Problem
All lines below starting at the one that holds "2023 Indonesia Menpora" and ending at the one that holds "Audi Q3 40 Premium" should be printed exactly, ends included. Pictures should not be printed, nor anything else.

Collection entries
════

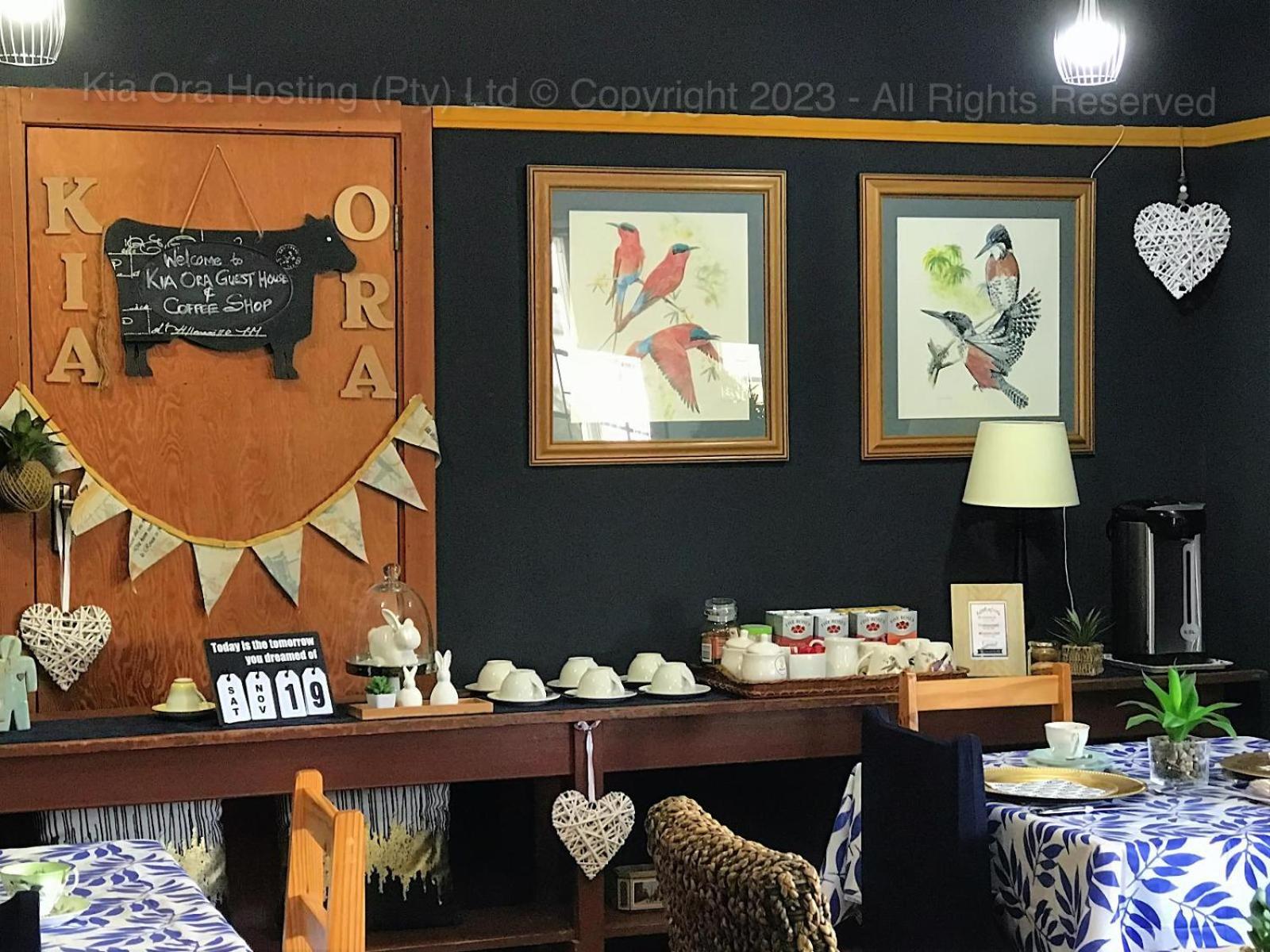 Kia Ora Guest House Beaufort West Bagian luar foto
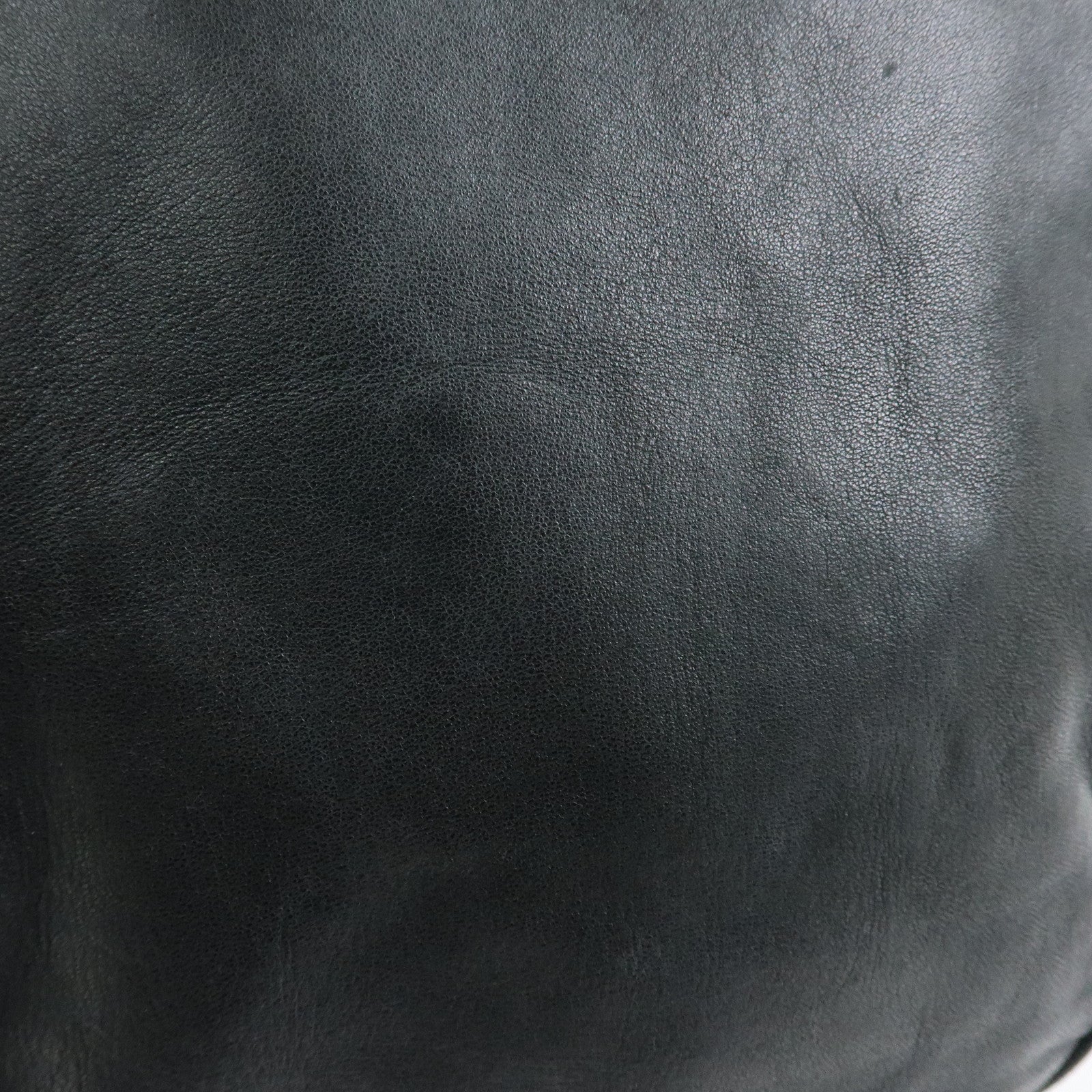 LOEWE Anagram Nappa Leather Hand Bag Shoulder Bag Black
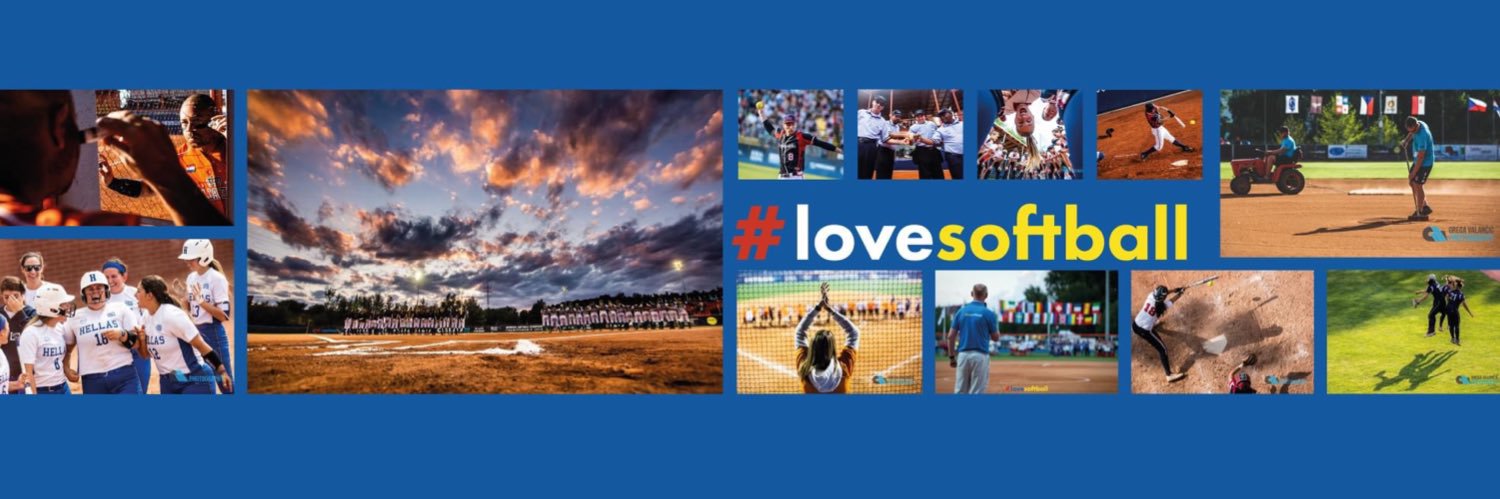 softball_europe's profile banner image
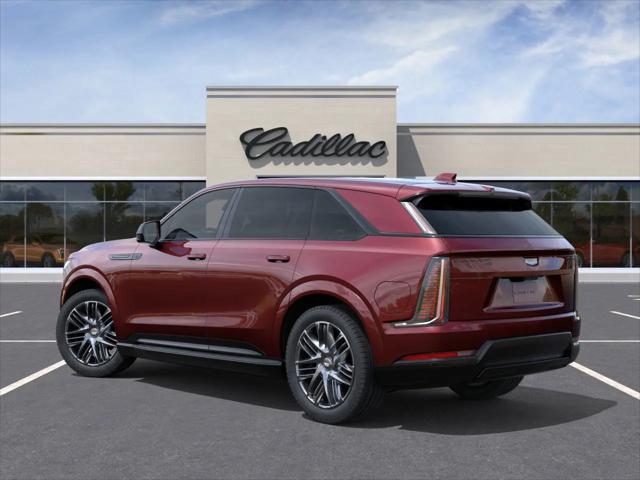 2025 Cadillac Escalade Sport 2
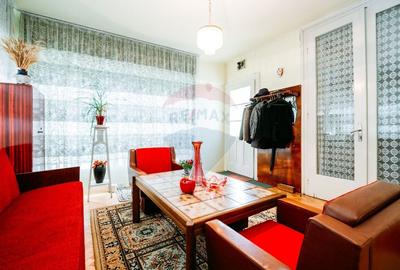 Apartament spatios cu gradina proprie intr-o vila interbelica renovata - 19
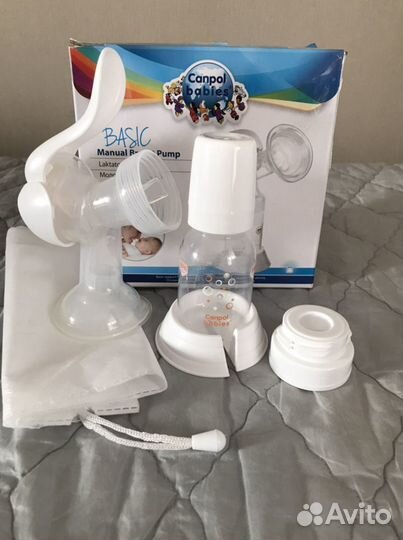 Молокоотсос ручной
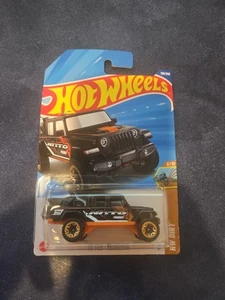 HOT WHEELS ‘20 JEEP GLADIATOR HW DIRT 2025 - Picture 1 of 4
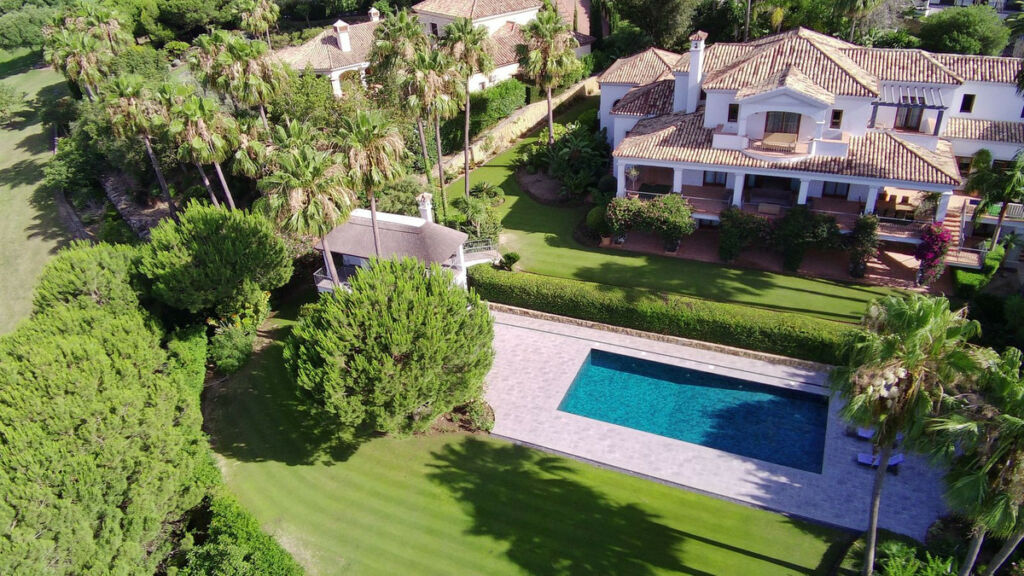 Detached Villa Sotogrande Alto Cádiz - image 7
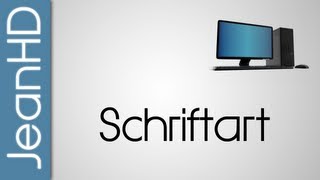 Schriftarten installieren  PC Tipps amp Tricks [upl. by Sherill867]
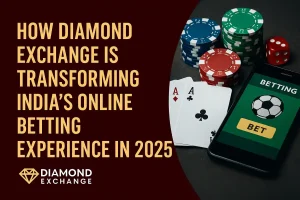 How Diamond Exchange Is Transforming India’s Online Betting Experience in 2025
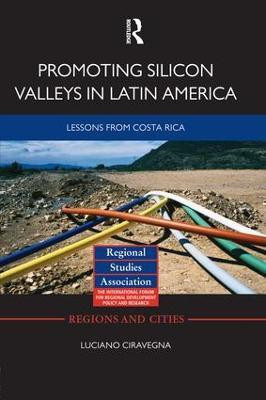 Promoting Silicon Valleys in Latin America(English, Paperback, Ciravegna Luciano)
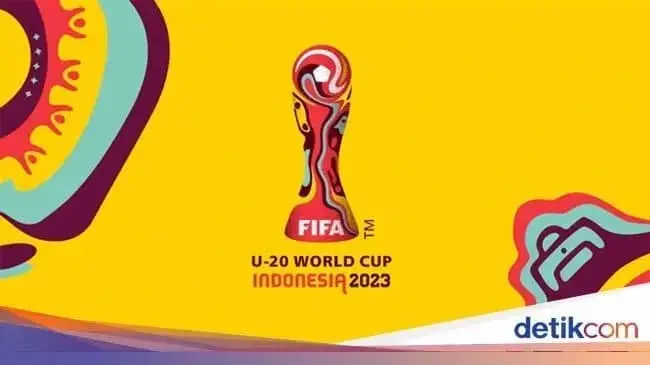 Menpora Sambut Baik Peluncuran Logo Resmi Piala Dunia U-20 2023 Indonesia Menpora Sambut Baik Peluncuran Logo Resmi Piala Dunia U-20 2023 Indonesia
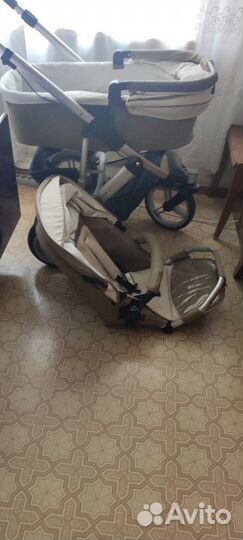 Прогулочная коляска бу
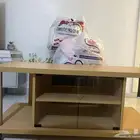 دولاب تلفزيون نظيف
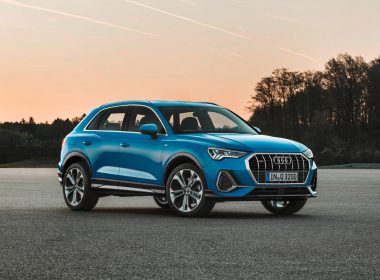 Audi Q3 40 Premium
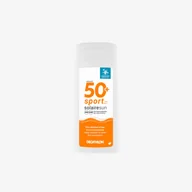 Balsamy i kremy do opalania - Krem przeciwsłoneczny Sport SPF50+ 50 ml - miniaturka - grafika 1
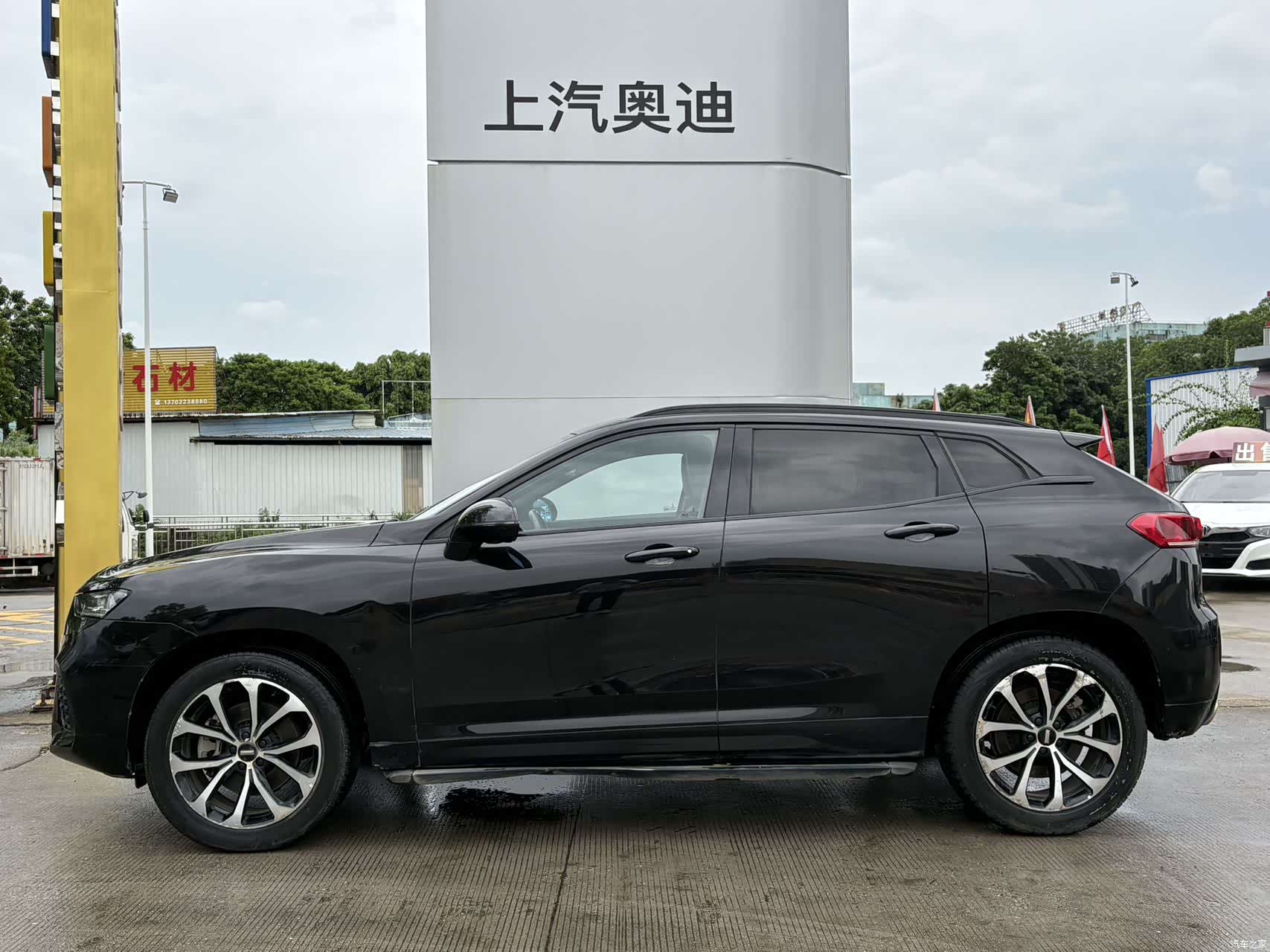 WEY VV7, 2018 10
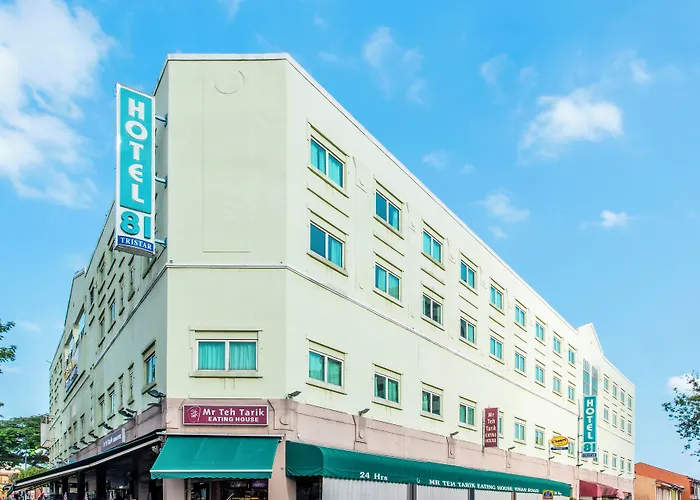 Hotel 81 Tristar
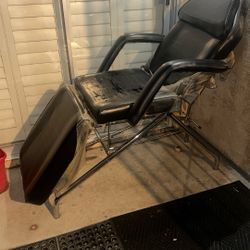 Chair For Eyelashes Or Anything You Want 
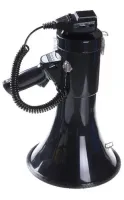 Megafone Profissional Sirene Policia Mp3/usb/sd 250w - Foto 2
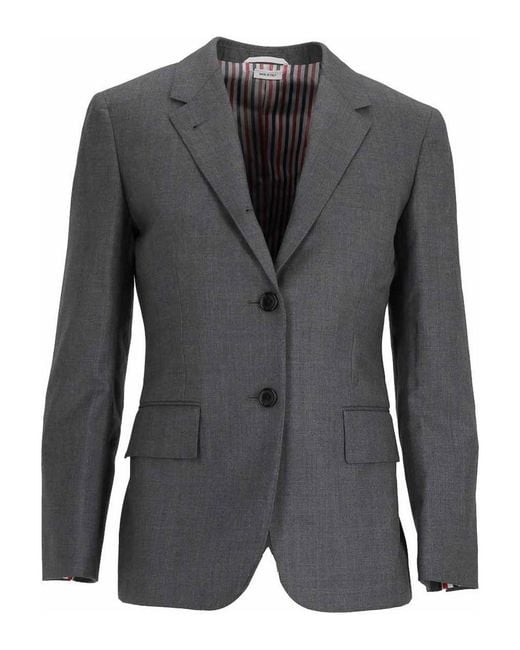 Thom Browne Black Fit 1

════

Task output
 Menpora Sambut Baik Peluncuran Logo Resmi Piala Dunia U-20 2023 Indonesia Menpora Sambut Baik Peluncuran Logo Resmi Piala Dunia U-20 2023 Indonesia
 Прогулочная коляска бу
 دولاب تلفزيون نظيف
 Audi Q3 40 Premium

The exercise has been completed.